671. EBB to Theodosia Garrow
As published in The Brownings’ Correspondence, 4, 106.
[Torquay]
[late November 1838] [1]
I cannot return the Book of Beauty to Miss Garrow without thanking her for allowing me to read in it sooner than I should otherwise have done, those contributions of her own which help to justify its title, and which are indeed sweet and touching verses. [2]
It is among the vexations brought upon me by my illness, that I still remain personally unacquainted with Miss Garrow, though seeming to myself to know her through those who actually do so. And I should venture to hope that it might be a vexation the first to leave me, if a visit to an invalid condemned to the peine forte et dure [3] of being very silent, notwithstanding her womanhood, were a less gloomy thing. At any rate I am encouraged to thank Miss Fisher [4] and Miss Garrow for their visits of repeated inquiry, and their other very kind attentions, by these written words, rather than by a message.

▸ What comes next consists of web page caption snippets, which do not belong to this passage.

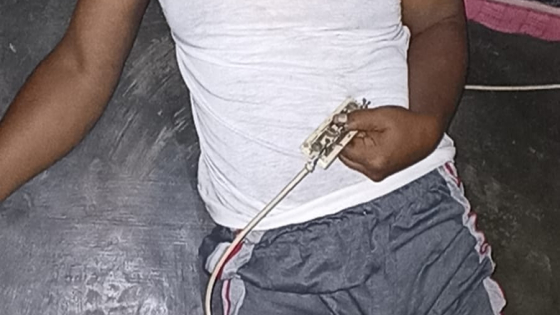 MENINGGAL : Tubuh Made Sudarma yang kaku menengadah dengan memegang kabel yang terhubung kipas angin.  Ist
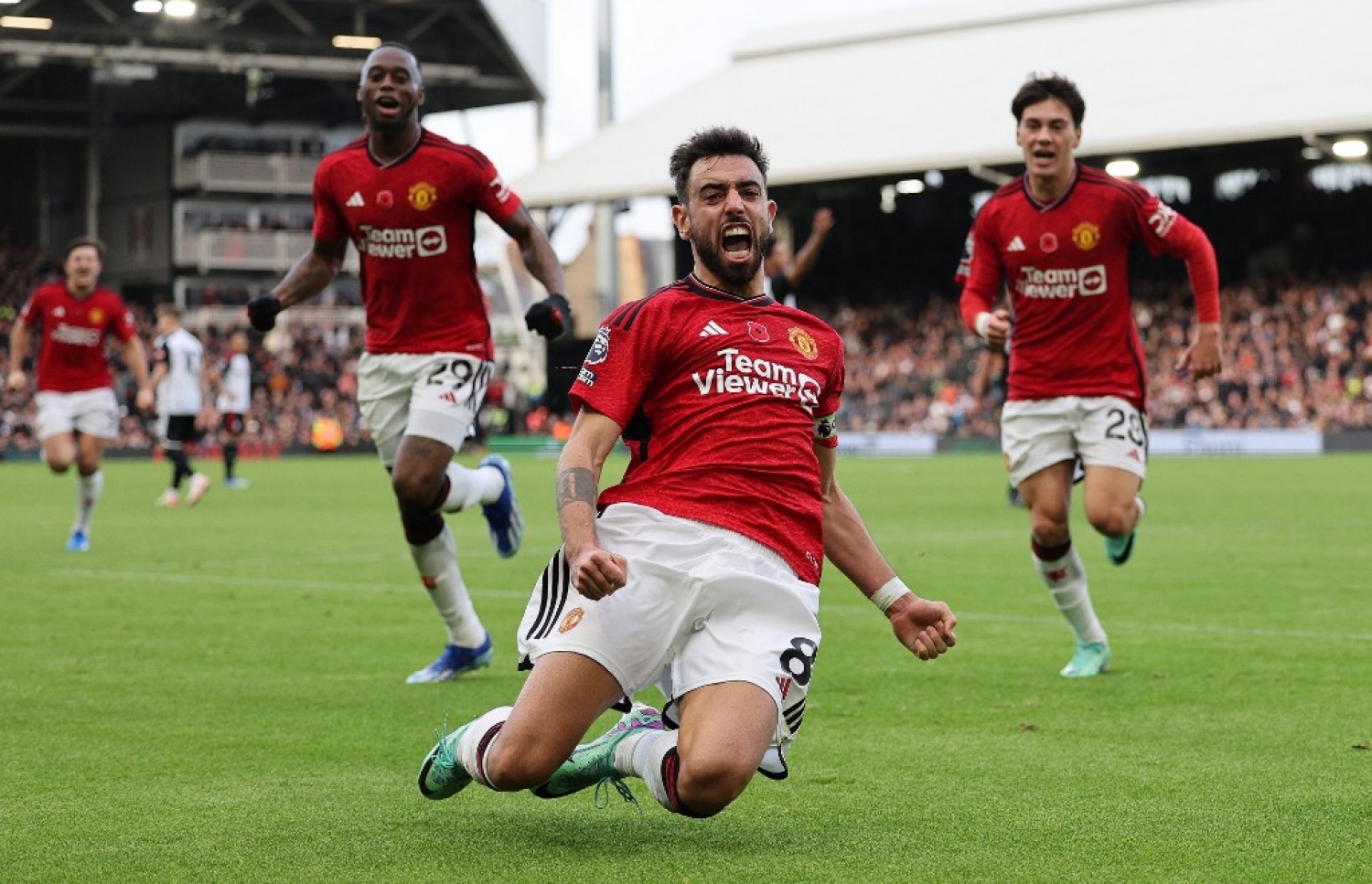 ފެނާންޑޭޒް، ޔުނައިޓެޑް މޮޅުކޮށްދިން ގޯލަށް ފަހު އުފާފާޅުކުރަނީ.-- ފޮޓޯ: އޭއެފްޕީ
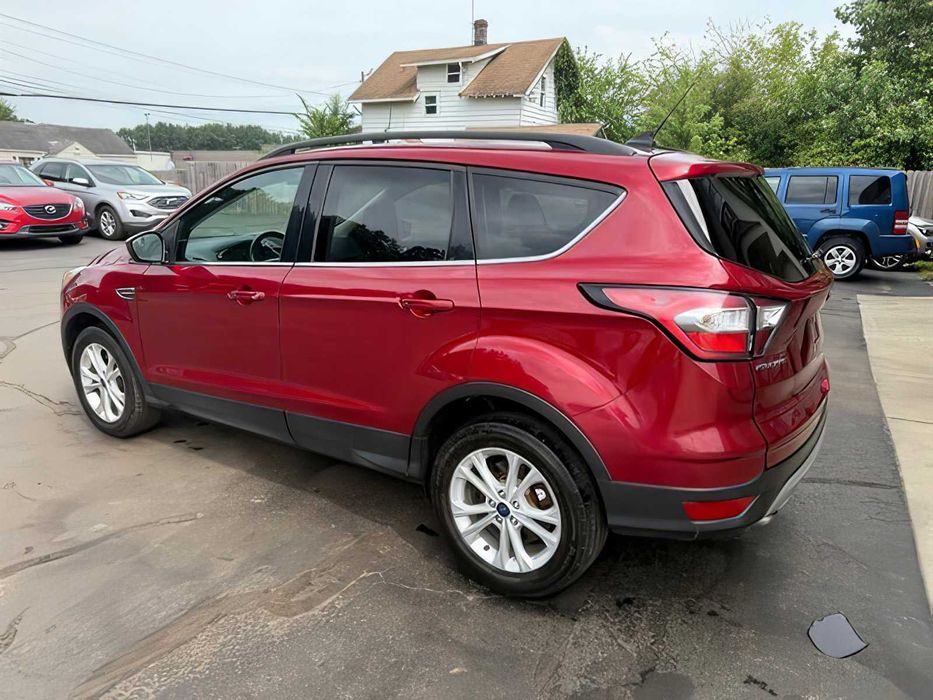 Ford Escape      2018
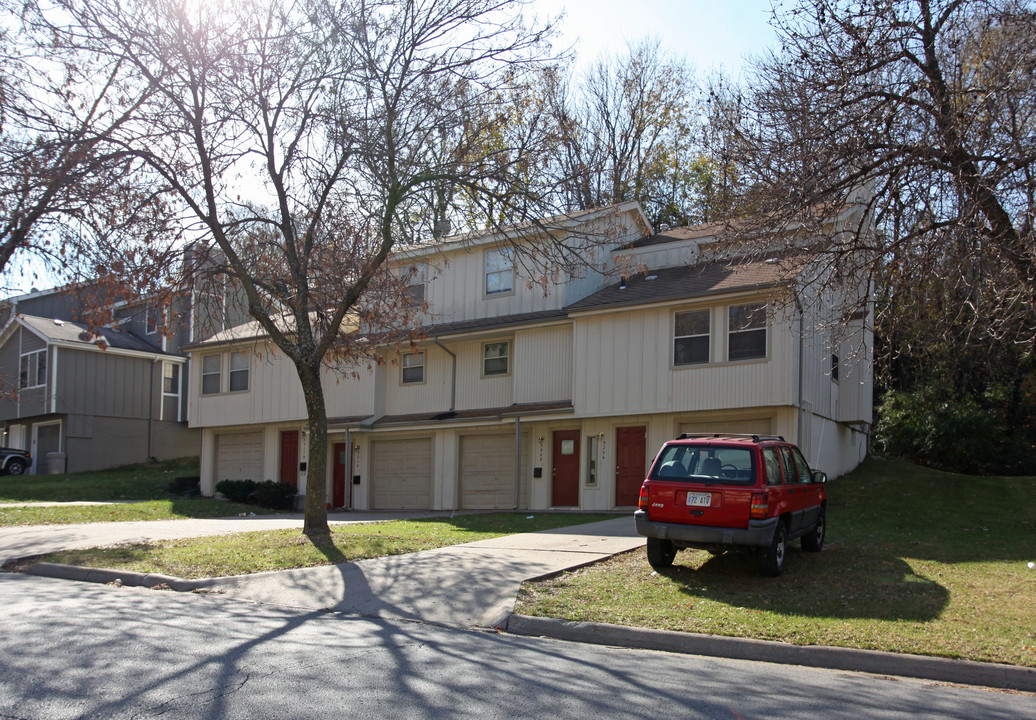 3204-3212 Eaton St in Kansas City, KS - Building Photo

For I am sure that wherever kindness can come thankfulness may, and that whatever intrusion my note can be guilty of, it is excusable by the fact of my being Miss Garrow’s
Sincerely obliged,
E. Barrett.
Text: What I Remember, T.A. Trollope (1887), II, 189–190.
1. Dated by Miss Garrow’s gifts, mentioned in the previous letter.
3. “Intense and severe punishment.” A torture, not abolished until 1772, in which the accused was subjected to increasing pressure while placed between two boards.
4. Harriet Fisher (d. 1848) was Miss Garrow’s half-sister, being the daughter of Mrs. Garrow’s first marriage.